[WHAT IS BEING ASKED] In the listing below, find the line that contains "Son Dakika Belhanda Fenerbahçe'de" and the line that contains "101 Places Not". Quote both and every line between them, exactly, and nothing more.

[TASK MATERIAL]

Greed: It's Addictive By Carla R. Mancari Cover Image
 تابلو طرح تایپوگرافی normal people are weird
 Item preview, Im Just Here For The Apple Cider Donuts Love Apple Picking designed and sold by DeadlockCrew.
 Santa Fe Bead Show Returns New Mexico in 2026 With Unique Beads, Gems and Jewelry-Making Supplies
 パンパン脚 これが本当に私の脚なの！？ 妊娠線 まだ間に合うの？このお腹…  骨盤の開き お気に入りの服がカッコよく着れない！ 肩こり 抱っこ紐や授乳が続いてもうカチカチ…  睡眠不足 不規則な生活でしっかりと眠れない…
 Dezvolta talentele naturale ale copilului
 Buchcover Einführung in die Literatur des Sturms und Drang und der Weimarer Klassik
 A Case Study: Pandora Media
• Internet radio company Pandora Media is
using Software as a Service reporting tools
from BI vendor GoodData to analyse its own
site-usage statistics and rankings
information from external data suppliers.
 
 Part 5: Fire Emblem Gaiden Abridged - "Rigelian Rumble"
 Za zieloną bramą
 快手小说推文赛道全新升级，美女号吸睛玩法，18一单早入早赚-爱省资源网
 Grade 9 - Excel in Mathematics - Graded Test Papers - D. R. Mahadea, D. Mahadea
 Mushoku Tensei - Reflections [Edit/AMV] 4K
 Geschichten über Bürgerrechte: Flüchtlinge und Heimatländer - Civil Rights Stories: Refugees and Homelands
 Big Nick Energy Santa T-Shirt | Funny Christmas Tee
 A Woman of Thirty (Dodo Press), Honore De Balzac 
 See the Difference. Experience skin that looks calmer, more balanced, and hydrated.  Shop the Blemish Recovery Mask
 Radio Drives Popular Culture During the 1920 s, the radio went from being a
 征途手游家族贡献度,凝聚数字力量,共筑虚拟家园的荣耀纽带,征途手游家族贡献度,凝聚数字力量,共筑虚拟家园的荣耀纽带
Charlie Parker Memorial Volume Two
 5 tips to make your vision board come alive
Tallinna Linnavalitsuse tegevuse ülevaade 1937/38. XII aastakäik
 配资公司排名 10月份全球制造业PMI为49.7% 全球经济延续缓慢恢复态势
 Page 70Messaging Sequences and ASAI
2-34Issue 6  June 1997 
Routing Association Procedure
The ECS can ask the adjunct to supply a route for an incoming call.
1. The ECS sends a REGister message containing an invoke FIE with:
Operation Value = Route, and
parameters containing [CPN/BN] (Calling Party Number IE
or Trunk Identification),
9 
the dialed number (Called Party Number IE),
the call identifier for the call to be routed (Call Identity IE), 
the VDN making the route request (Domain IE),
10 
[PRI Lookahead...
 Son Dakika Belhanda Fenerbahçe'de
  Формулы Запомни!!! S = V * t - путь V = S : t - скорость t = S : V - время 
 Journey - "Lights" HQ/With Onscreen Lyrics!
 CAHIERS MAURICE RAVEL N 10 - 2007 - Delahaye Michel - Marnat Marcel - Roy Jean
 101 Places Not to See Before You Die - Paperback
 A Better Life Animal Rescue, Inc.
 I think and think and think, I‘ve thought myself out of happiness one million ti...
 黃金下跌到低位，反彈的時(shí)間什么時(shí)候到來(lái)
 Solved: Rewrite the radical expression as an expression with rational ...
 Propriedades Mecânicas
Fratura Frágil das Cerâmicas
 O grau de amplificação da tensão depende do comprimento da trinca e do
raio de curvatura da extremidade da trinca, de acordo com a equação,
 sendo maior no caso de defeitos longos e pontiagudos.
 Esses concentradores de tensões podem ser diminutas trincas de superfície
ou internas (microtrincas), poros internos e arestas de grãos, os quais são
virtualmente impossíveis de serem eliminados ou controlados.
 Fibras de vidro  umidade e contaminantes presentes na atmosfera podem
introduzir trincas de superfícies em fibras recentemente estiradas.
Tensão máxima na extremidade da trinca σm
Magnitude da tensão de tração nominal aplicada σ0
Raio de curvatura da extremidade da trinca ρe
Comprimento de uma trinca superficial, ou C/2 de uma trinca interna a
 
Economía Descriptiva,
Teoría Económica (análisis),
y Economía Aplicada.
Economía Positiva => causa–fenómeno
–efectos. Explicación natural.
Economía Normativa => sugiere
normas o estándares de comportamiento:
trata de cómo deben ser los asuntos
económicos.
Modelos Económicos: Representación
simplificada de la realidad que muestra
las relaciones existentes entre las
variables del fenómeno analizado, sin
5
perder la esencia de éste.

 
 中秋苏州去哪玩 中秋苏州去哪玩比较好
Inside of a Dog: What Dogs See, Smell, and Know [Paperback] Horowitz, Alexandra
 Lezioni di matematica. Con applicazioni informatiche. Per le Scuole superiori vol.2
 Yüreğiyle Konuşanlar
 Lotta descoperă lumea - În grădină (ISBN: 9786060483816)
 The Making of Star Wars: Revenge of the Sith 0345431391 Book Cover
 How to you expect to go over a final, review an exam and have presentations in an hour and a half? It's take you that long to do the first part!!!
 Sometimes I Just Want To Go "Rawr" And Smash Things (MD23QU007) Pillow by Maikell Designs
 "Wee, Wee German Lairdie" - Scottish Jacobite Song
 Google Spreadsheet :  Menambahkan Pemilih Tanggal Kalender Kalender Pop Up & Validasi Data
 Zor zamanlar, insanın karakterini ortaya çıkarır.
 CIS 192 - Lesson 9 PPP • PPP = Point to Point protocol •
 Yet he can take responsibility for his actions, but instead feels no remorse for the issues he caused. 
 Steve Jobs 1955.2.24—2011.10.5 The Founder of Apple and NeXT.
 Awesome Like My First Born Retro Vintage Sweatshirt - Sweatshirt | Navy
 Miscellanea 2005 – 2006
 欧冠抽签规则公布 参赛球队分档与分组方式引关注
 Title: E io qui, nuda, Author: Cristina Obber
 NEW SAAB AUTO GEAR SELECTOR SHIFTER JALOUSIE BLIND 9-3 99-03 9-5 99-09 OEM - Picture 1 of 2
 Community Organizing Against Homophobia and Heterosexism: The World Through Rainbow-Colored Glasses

[TASK RESULT]
 Son Dakika Belhanda Fenerbahçe'de
  Формулы Запомни!!! S = V * t - путь V = S : t - скорость t = S : V - время 
 Journey - "Lights" HQ/With Onscreen Lyrics!
 CAHIERS MAURICE RAVEL N 10 - 2007 - Delahaye Michel - Marnat Marcel - Roy Jean
 101 Places Not to See Before You Die - Paperback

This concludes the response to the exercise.